秀嶋賢人のはてなブログ

映画監督・NPO法人SocialNetProjectMOVE理事長

脳の誤り

大人の細胞は、約37兆8千億個あるといわれている。以前まで、60兆個といわれていたが、最近の研究でこれが定説になっている。

ひとつひとつの細胞に生命維持のための役割があり、目的使命が担わされている。だが、私たちがその細胞ひとつひとつの働きを意識することはない。
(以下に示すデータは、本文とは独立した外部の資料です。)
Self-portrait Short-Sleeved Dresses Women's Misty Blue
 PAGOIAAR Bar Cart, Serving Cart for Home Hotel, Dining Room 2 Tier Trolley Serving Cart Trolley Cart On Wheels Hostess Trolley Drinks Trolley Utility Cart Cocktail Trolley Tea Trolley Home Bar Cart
免疫細胞のT細胞やB細胞、NK細胞が毎日のようにがん細胞やその他の悪性細菌をせん滅させていても、私たちはそれに気づけない。

生体維持の司令塔は脳の働きが担い、末梢や体内に細菌や悪性化した細胞などが現れると末梢から伝達された探知情報は脳に伝わり、脳が必要に応じた指示を出し、それが必要な細胞の活性を作り出す。

つまり、私たちの脳は、自分たちの体の一部でありながら、私たちの意識、自覚的認知の前に、勝手にいろいろな仕事をしていることになる。

自動防御装置、自動抑止装置、自動破壊装置、自動再生装置といったすこぶる優秀な機能を装備した脳だが、この自動装置ゆえの落とし穴を持っている。

誤謬だ。誤った認知、誤った理解、誤った認識とこれによる誤った指令だ。

対応のスピード化には、経験のデータの蓄積とこれを運用するためのパターン化が一番効率がいい。つまり、自動装置機能を高めるために、類型的で経験則を重視する。

そこに落とし穴ができる。心筋梗塞の初期を察知しながら、移動する肩や首の痛みとしてそれを表したり、ストレスの信号を腰痛の痛み、自律神経の障害として示したりする。

茂木健一郎がブームだった頃、よく脳による知覚の誤謬を示すのに、絵の間違い探しテストをやっていた。幼児の多くが瞬時に認知できる誤りを大人になるほど指摘できなくなる。

自動装置の精度を高めようとしながら、皮肉にも、現実認識での難しさが生み出される。それが熟練していく脳の宿命だ。

これは、何度か紹介している記憶の歪曲にも通じる。心の傷やストレス、あるいは自己保全、自己正当化のために、事実とは違う記憶へ記憶の書き換え作業を勝手にやってしまう。

だが、本人はまったくその自覚がない。

家庭、地域、社会、国、世界をつくっているのは、じつは、こうした私たちの脳ひとつひとつだ。その集合の単位として、家庭、地域、社会、国、世界がある。

どうだろう。私たち個人のレベルで起きる誤謬や記憶の書き換え、経験則による自己保全、自己の正当化が跋扈(ばっこ)していないだろうか。そして、自動装置機能ばかりを高めることに必死になり、脳が起こす誤りがあることを疑うことを忘れてはいないだろうか。